This week's Torah portion, Parashat Bo, tells us of Israel's final preparations for the Exodus from Egypt, and also discusses outlines in some detail the laws of Pesach and chametz. Rav Kook, in his commentary on the Haggadah for Passover, highlights the fact that the topic of freedom takes up a very central place in both the principles and laws of the holiday.

It is important to note the historical background of Rav Kook's writings. During his period, the idea of "freedom" was fairly controversial. On the one hand, there were the national and individual freedoms to which the Zionist, socialist and democratic movements aspired. But also very prevalent were, unfortunately, those Jews who called themselves "free thinkers" – the forerunners of today's secular Jews, but even more proactive in throwing off the yoke of the Torah and its commandments.

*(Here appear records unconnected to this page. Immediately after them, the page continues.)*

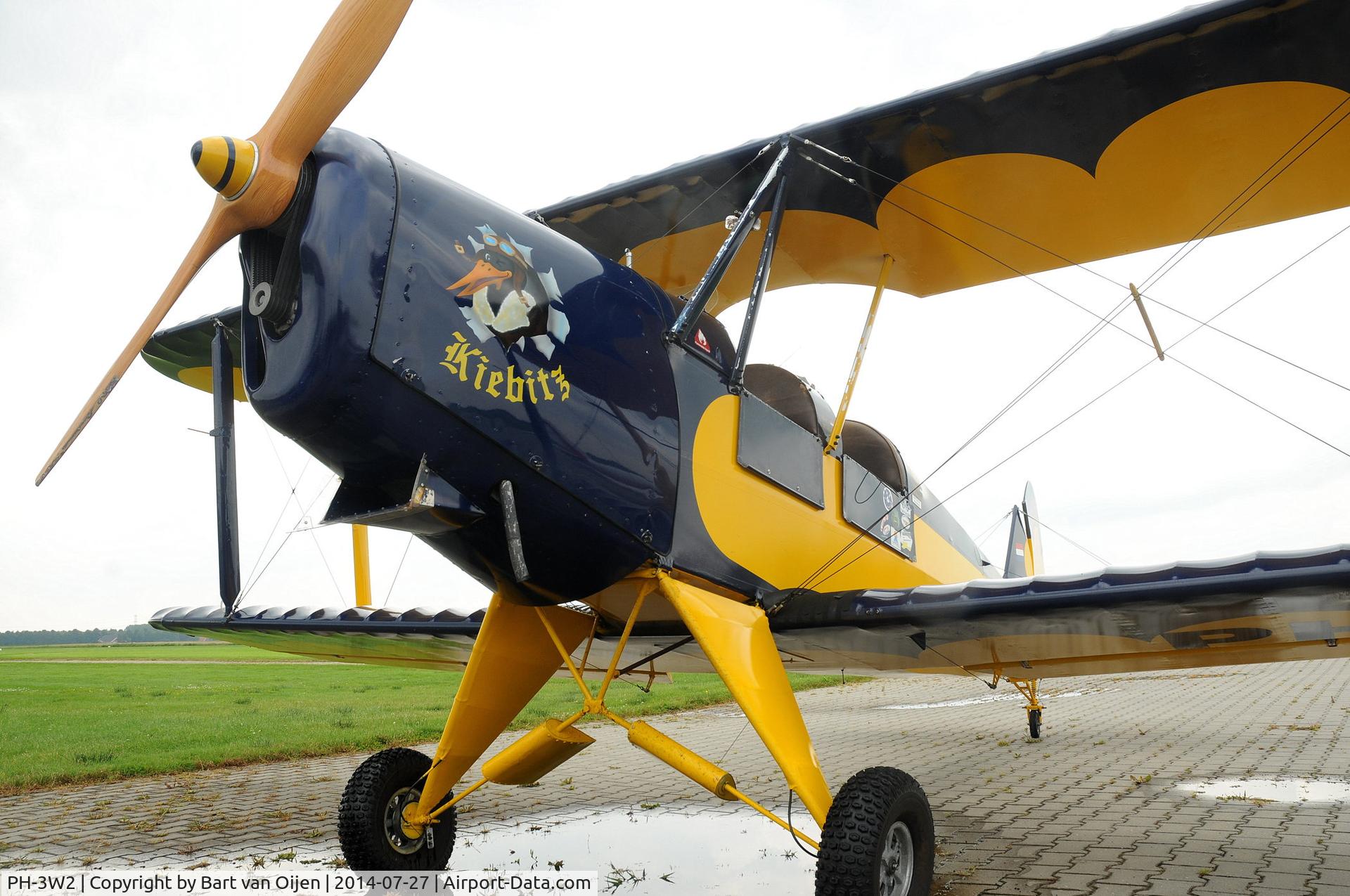 PH-3W2, Platzer Kiebitz B-450 NIS C/N 247, Photographed at Vledderveen Airport.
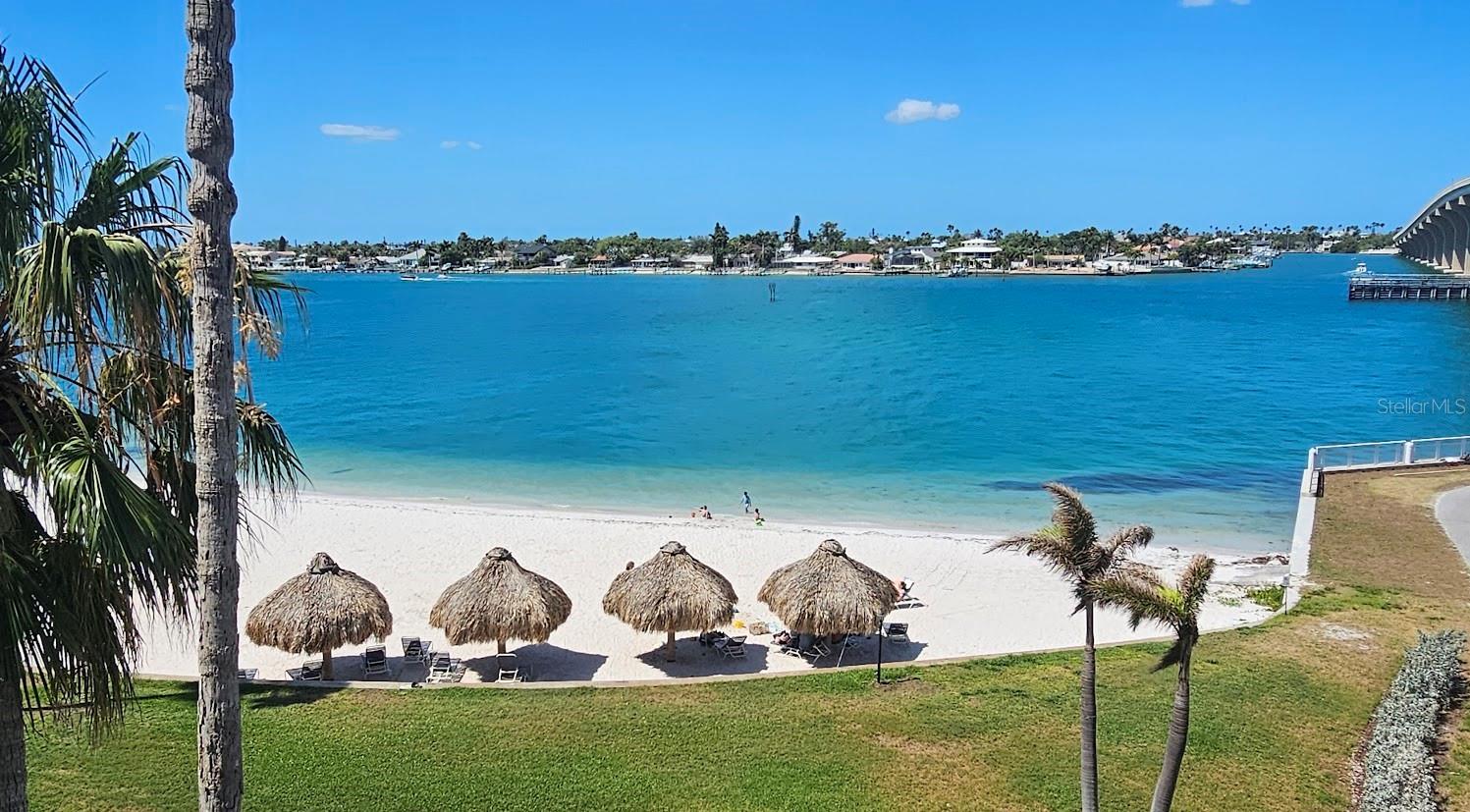 BAHIA VISTA - Residential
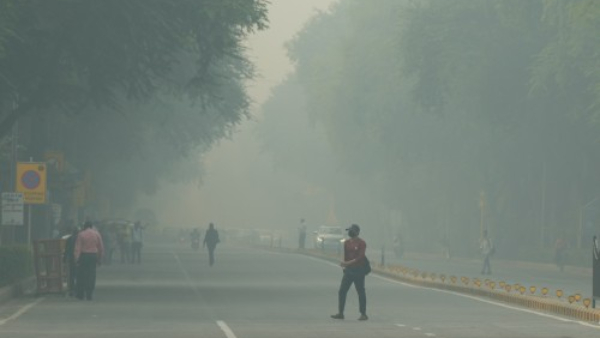 Over New Delhi Tuesday Again Recorded Very Poor Air Quality, Faridabad School Closed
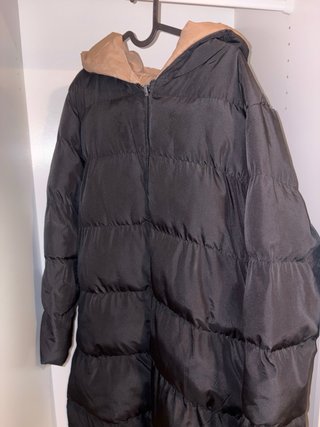 Abrigo acolchado negro con capucha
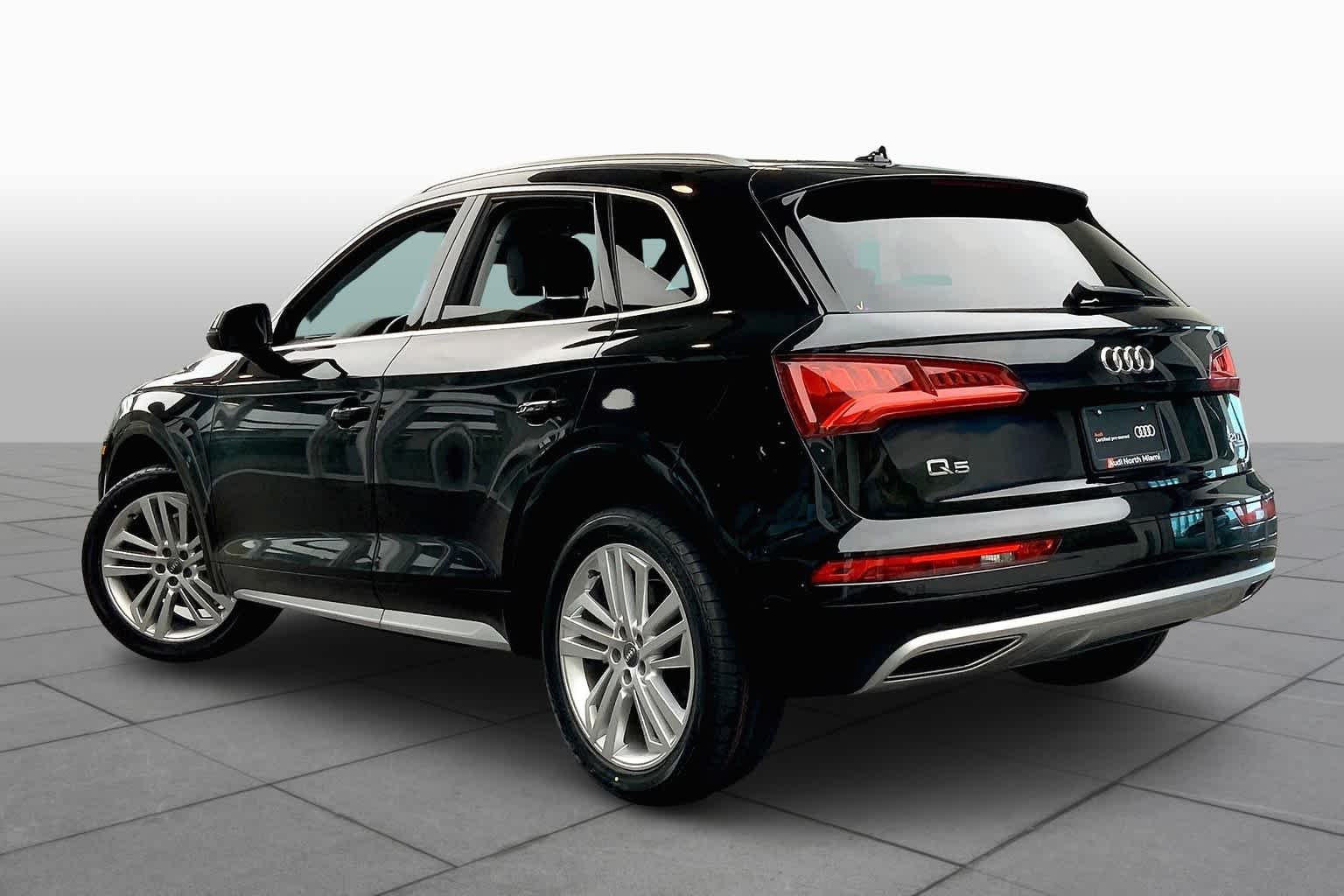 Used 2018 Brilliant Black Audi Tech Premium Plus image 11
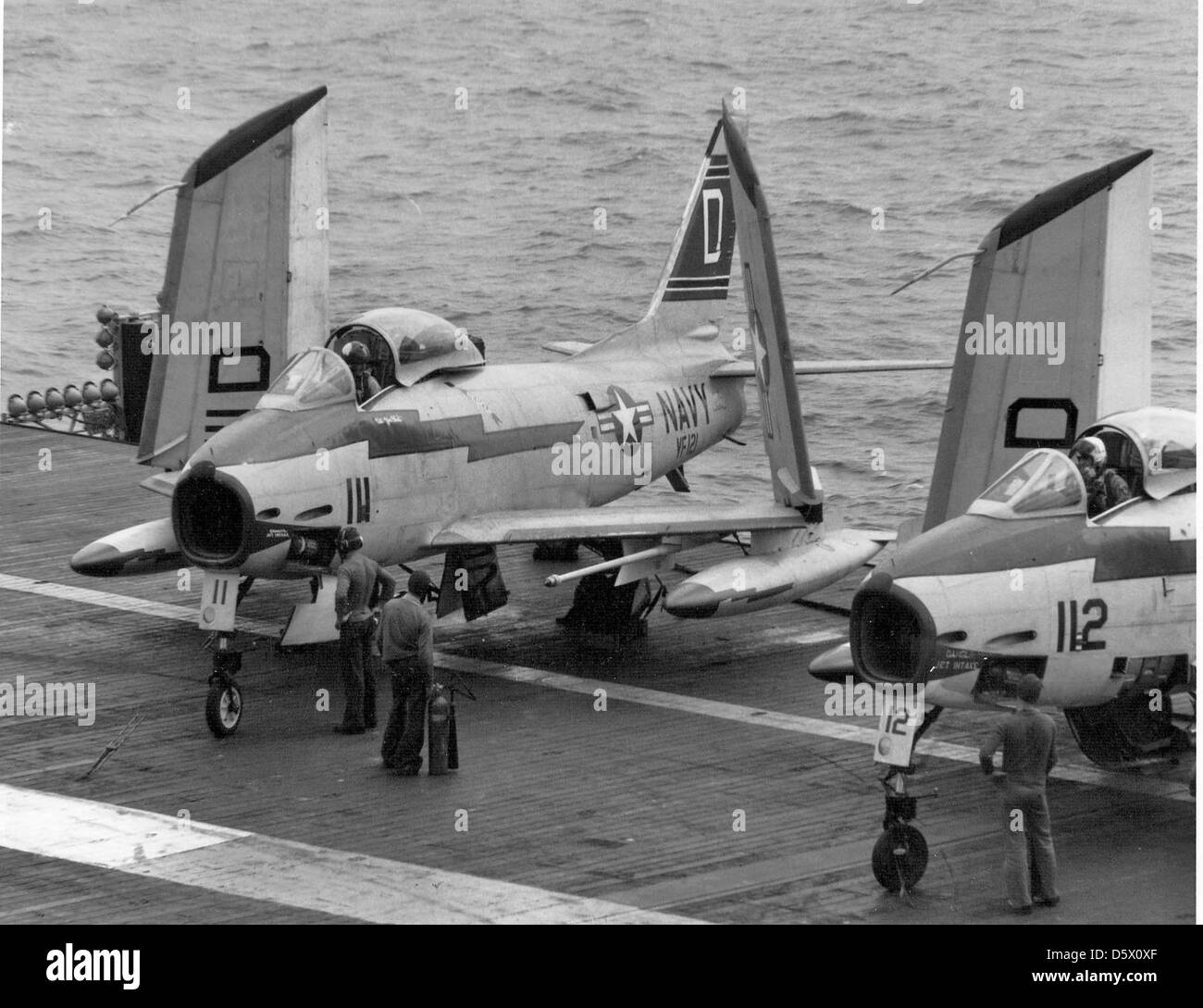 Il North American FJ-3M 'Fury' era un caccia basato sulle portaerei utilizzato dalla Marina degli Stati Uniti. Questa versione era di stanza a bordo della USS Lexington (CVA-16) e servì durante le operazioni nel Pacifico occidentale. Foto Stock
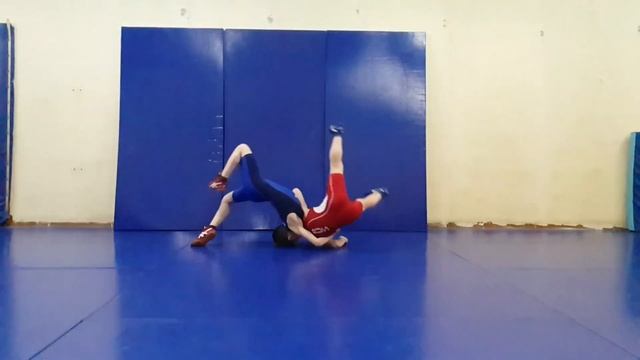 Прогиб с захватом руки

As opposed to many hareidi Jews at the time who instinctively opposed these ideas of freedom, Rav Kook wrote that the Torah very much identifies with the aspirations for independence and for national and individual freedom. Freedom is even a Divine characteristic, for G-d is totally free, and we strive to imitate Him. The Torah releases and frees us mortals from our debased instincts, and from our ego, laziness, and negative social pressure, and actually grants us our longed-for freedom to rise up and activate our Divinely-granted truly free will.

As we learn in Pirkei Avot (6,2): "There is no truly free person other than one who engages in Torah."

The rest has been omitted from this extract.